Des bébés bourdons meurent dans leurs nids parce que les températures mondiales deviennent trop élevées, selon une étude | Dmshaulers

Des bébés bourdons meurent dans leurs nids parce que les températures mondiales deviennent trop élevées, selon une étude

Les scientifiques le préviennent depuis des années les populations de bourdons sont en déclin, ce qui met en danger le rôle vital que jouent les pollinisateurs dans la préservation de la nourriture et des plantes dans le monde entier. De nouvelles recherches ont découvert un « facteur important » expliquant pourquoi.

La réponse? Il fait beaucoup trop chaud.

Comme les humains, les corps des bourdons prospèrent mieux dans certains seuils de température. S’appuyant sur 180 ans de littérature, Peter Kevan, professeur de sciences environnementales à l’Université de Guelph, et son équipe ont découvert que les bourdons sont plus susceptibles de survivre jusqu’à 36 degrés Celsius, ou 96,8 degrés Fahrenheit. Leur plage de température optimale pour leur développement se situe entre 30 et 32 ​​degrés Celsius, ou entre 86 et 89,6 degrés Fahrenheit, selon l’espèce.

Les bourdons ont la capacité de thermoréguler, ce qui signifie qu’ils peuvent contrôler dans une certaine mesure la chaleur dans tout leur corps. Mais Kevan a déclaré que les compétences naturelles ne semblent pas suffisantes lorsqu’il s’agit de leurs nids et des larves qui en dépendent pour se développer.

La plage de température optimale pour les nids de bourdons se situe entre 82,4 et 89,6 degrés Fahrenheit. Et lorsque la chaleur monte un peu plus haut jusqu’à 95 degrés Fahrenheit, a déclaré Kevan, elle devient « mortelle, malgré la capacité remarquable des bourdons à thermoréguler ».

“Nous pouvons supposer que les températures des nids supérieures à 30 degrés Celsius sont susceptibles d’être très dommageables, et qu’au-dessus d’environ 35 degrés Celsius, la mort surviendra probablement assez rapidement”, a déclaré Kevan.

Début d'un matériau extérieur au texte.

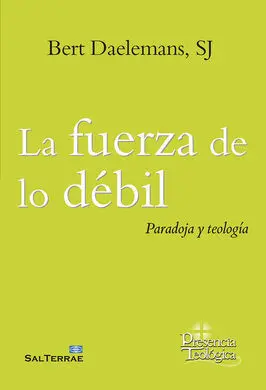 Fuerza de lo Débil, la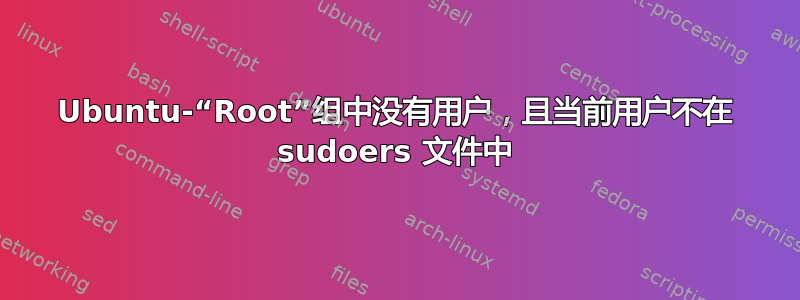 Ubuntu-“Root”组中没有用户，且当前用户不在 sudoers 文件中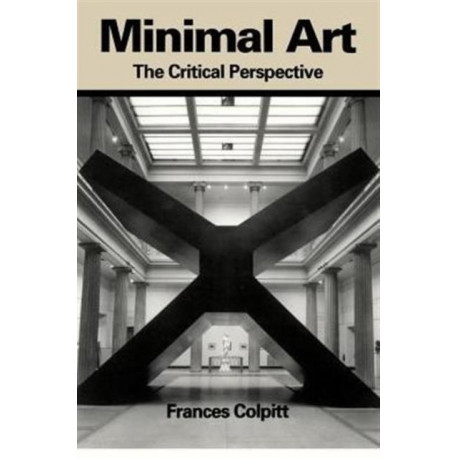 Minimal Art: The Critical Perspective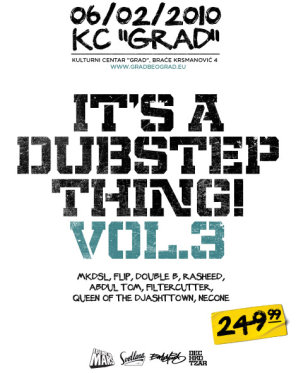 IT'S A DUBSTEP THING vol.3! KC GRAD, Kulturni Centar Grad, Beograd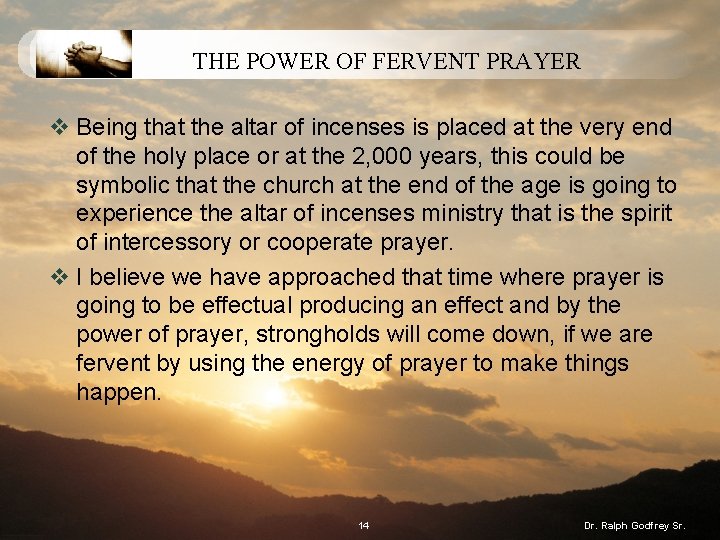 THE POWER OF FERVENT PRAYER v Being that the altar of incenses is placed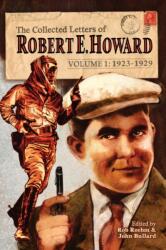 Collected Letters of Robert E. Howard, Volume 1 - Rusty Burke, John Bullard (ISBN: 9781955446013)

Les températures moyennes mondiales ont considérablement augmenté au cours des dernières décennies. L’année dernière, c’était le plus chaud jamais enregistré et 2024 n’ont connu que des températures extrêmes consécutives, de nombreuses villes du monde entier connaissant des températures hivernales record. La situation on ne s’attend qu’à empirer car la combustion continue de combustibles fossiles émet des gaz qui emprisonnent la chaleur du soleil, amplifiant ainsi les températures.

“Les températures excessives sont plus nocives pour la plupart des animaux et des plantes que les températures fraîches”, a déclaré Kevan. “Lorsque les conditions sont fraîches, les organismes qui ne régulent pas métaboliquement leur température corporelle ralentissent simplement, mais lorsque les températures deviennent trop élevées, les processus métaboliques commencent à se détériorer et s’arrêtent. La mort survient rapidement.”

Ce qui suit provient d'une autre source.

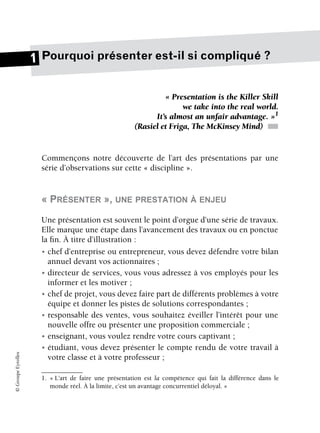 ©
Groupe
Eyrolles
Pourquoi présenter est-il si compliqué ?
« Presentation is the Killer Skill
we take into the real world.
It’s almost an unfair advantage. »1
(Rasiel et Friga, The McKinsey Mind) ■
Commençons notre découverte de l’art des présentations par une
série d’observations sur cette « discipline ».
« PRÉSENTER », UNE PRESTATION À ENJEU
Une présentation est souvent le point d’orgue d’une série de travaux.
Elle marque une étape dans l’avancement des travaux ou en ponctue
la fin. À titre d’illustration :
• chef d’entreprise ou entrepreneur, vous devez défendre votre bilan
annuel devant vos actionnaires ;
• directeur de services, vous vous adressez à vos employés pour les
informer et les motiver ;
• chef de projet, vous devez faire part de différents problèmes à votre
équipe et donner les pistes de solutions correspondantes ;
• responsable des ventes, vous souhaitez éveiller l’intérêt pour une
nouvelle offre ou présenter une proposition commerciale ;
• enseignant, vous voulez rendre votre cours captivant ;
• étudiant, vous devez présenter le compte rendu de votre travail à
votre classe et à votre professeur ;
1. « L’art de faire une présentation est la compétence qui fait la différence dans le
monde réel. À la limite, c’est un avantage concurrentiel déloyal. »
1
 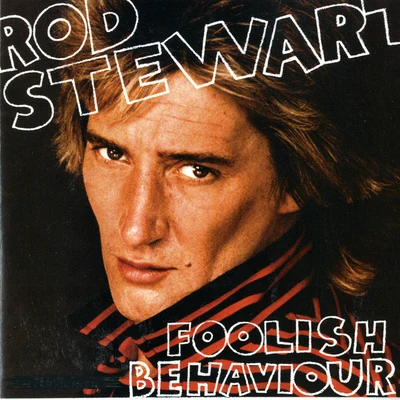 Rod Stewart Foolish Behaviour (Expanded Edition)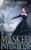 Masked Intentions (Daughters Of The Alphas)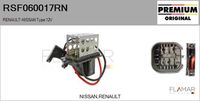 FLAMAR RSF060017RN - Equipamiento de vehículo: para vehículos sin aire acondicionado<br>Tensión [V]: 12<br>Versión: HQ<br>Fabricante: NISSAN<br>Fabricante: RENAULT<br>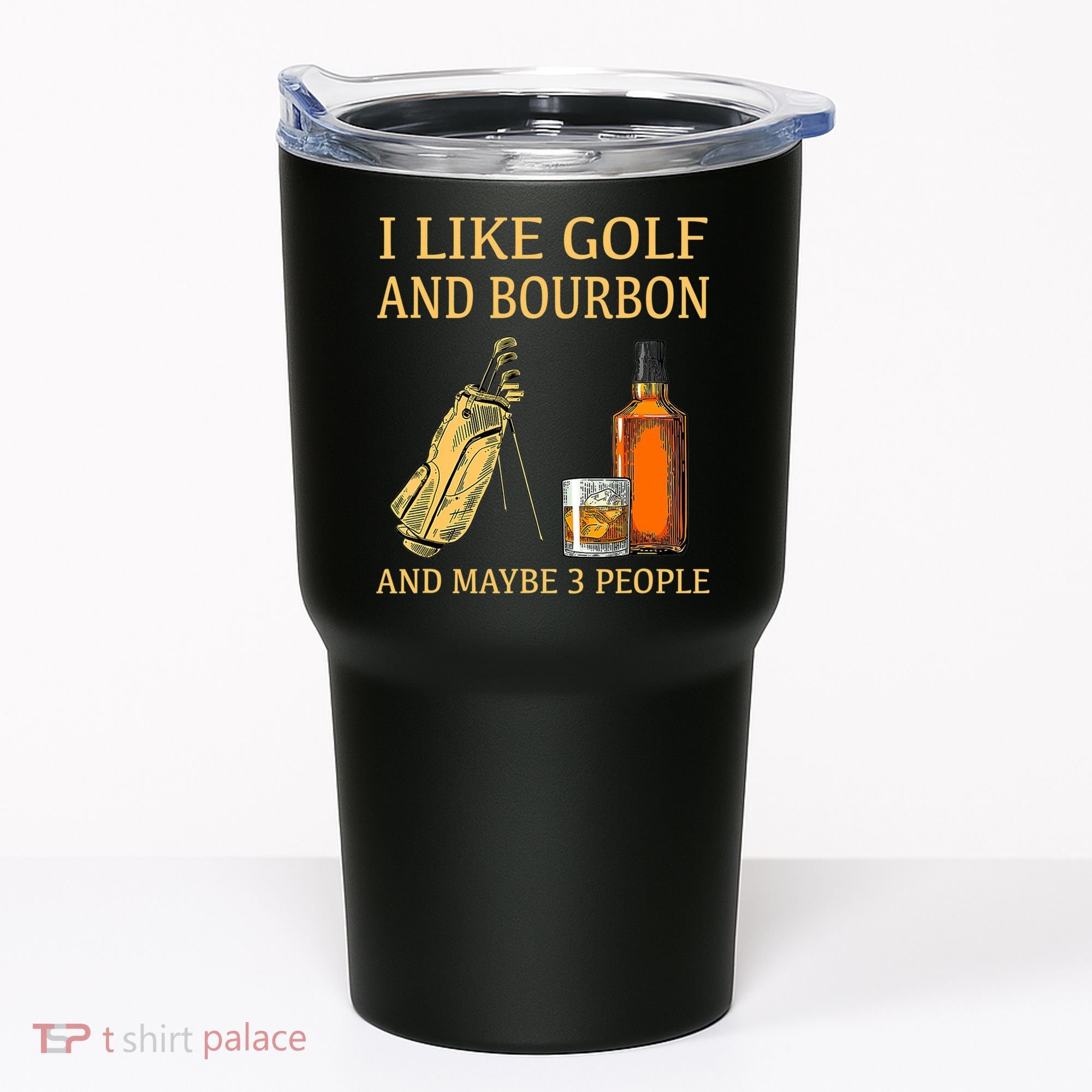 I Like Golf And Bourbon And Maybe 3 People Tumbler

Ce n’est pas la seule raison pour laquelle les populations de bourdons sont en déclin : la perte d’habitat, les pesticides, les maladies et la perte de fleurs sauvages sont également des facteurs à prendre en compte. Il existe plus de 250 espèces de bourdons dans le monde, et rien qu’aux États-Unis, il existe 49 espèces de bourdons. Dans les dernières années, deux espèces sont éteints, selon le US Forest Service.

Mais l’équipe de Kevan a découvert que la chaleur semble être difficile à adapter pour les espèces de bourdons, ce qui entraîne le développement d’un stress thermique dangereux.

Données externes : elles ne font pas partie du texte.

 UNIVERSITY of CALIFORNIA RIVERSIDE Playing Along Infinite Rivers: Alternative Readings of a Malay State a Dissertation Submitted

Et avec les bourdons, une blessure infligée à un seul peut facilement devenir une blessure à tous. La recherche, publiée dans Frontières de la science apicole Friday, explique que les colonies de bourdons sont des « superorganismes » où la survie globale est collective et dépend de la capacité de la colonie à produire une progéniture dans son ensemble. En gros, même si certains bourdons peuvent supporter la chaleur, ceux qui ne le supportent pas peuvent constituer une menace pour l’avenir de la colonie. Et s’il fait si chaud que les bébés abeilles meurent avant de quitter leur stade larvaire, « toute la colonie en souffre ». communiqué de presse dire.

“La chaleur excessive constitue clairement un problème majeur pour peut-être la plupart des espèces de bourdons”, indique l’étude, “et constitue le facteur considéré le plus en détail pour les effets du réchauffement climatique”.